17. In Garrison v Louisiana, 379 U.S. 64 (1964), it was observed that “any criticism of the manner in which a public official performs his duties will tend to affect his private, as well as his public reputation. . . . The public official rule protects the paramount public interest in a free flow of information to the people concerning public officials, their servants. To this end, anything which might touch on an official’s fitness for office is relevant.” In the Monitor Patriot Co. case, supra, it was stated:
“Given the realities of our political life, it is by no means easy to see what statements about a candidate might be altogether without relevant to his fitness for the office he seeks.”
18. In Anderson v Liberty Lobby, Inc., 471 U.S. 1134 (1986), it was held that, in considering a motion for summary judgment, there is no genuine issue of material fact if the evidence presented in opposing affidavits in a libel action involving a public figure is of insufficient caliber or quantity to allow a rational finder of fact to find actual malice by clear and convincing evidence.
19. In Menendez v Key West Newspaper Corporation, 293 So.2d 751 (Fla. 3d DCA 1974), a libel action was brought against defendant publisher by a candidated for reelection to the Key West City Commission because of advertisements just prior to a primary election which charged plaintiff was apparently un-American and displayed pro-Castro allegiance. Plaintiff lost the election. The ads were signed by two individuals who were made defendants in the suit along with the publisher. Previously the court granted a motion to dismiss filed by one of the private advertisers and denied it as to the other. The trial court sustained a motion for summary judgment by the publisher. The appellate court affirmed and, among other things, stated:
“It has been held that in cases of this nature which involve the First Amendment area and where the issue is recklessness employed in the publication of alleged false and libelous information, that summary judgments should be more liberally granted,” citing Washington Post Co. v Keough, 365 F.2d 965 (1966), cert. denied, 385 U.S. (1967).

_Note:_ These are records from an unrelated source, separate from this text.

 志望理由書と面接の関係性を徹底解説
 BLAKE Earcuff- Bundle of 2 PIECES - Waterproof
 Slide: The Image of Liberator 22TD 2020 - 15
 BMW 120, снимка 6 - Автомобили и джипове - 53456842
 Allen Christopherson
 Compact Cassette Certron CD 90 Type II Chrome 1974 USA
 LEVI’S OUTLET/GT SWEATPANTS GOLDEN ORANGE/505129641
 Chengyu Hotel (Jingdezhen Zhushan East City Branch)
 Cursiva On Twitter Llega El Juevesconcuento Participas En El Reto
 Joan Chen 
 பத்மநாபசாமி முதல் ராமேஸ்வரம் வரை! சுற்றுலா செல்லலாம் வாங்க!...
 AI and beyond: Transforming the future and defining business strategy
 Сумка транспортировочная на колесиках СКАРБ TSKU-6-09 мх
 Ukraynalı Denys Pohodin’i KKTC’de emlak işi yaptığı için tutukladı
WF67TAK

In Curtis Publishing Co. v Butts, 388 U.S. 130 (1967), it was observed:
“ . . . injured persons should not be relegated [to remedies which] *138make collection of their claims difficult or impossible unless strong policy considerations demand.” citing Buckley v New York Post Corp., 2 Cir., 373 F.2d 175, 182.
It was also stated in Butts, supra:
“Truth has become an absolute defense in almost all cases, and privileges designed to foster free communication are almost universally recognized.”
THE MOTION
20. This Court has undertaken to glean from the pertinent portions of the file facts that are fully established and to test whether such are sufficient to support the motion made by the defendant publisher in the case. The motion is pursuant to Rule 1.150, Florida Rules of Civil Procedure, which provides that:
“If a party deems any pleading . . . filed by the other party to be a sham, he may move to strike said pleading . . . before the case is set for trial and the court shall hear said motion . . . and if the motion is sustained the pleading to which the motion is directed shall be stricken. Default and summary judgment on the merits may be entered in the discretion of the court...”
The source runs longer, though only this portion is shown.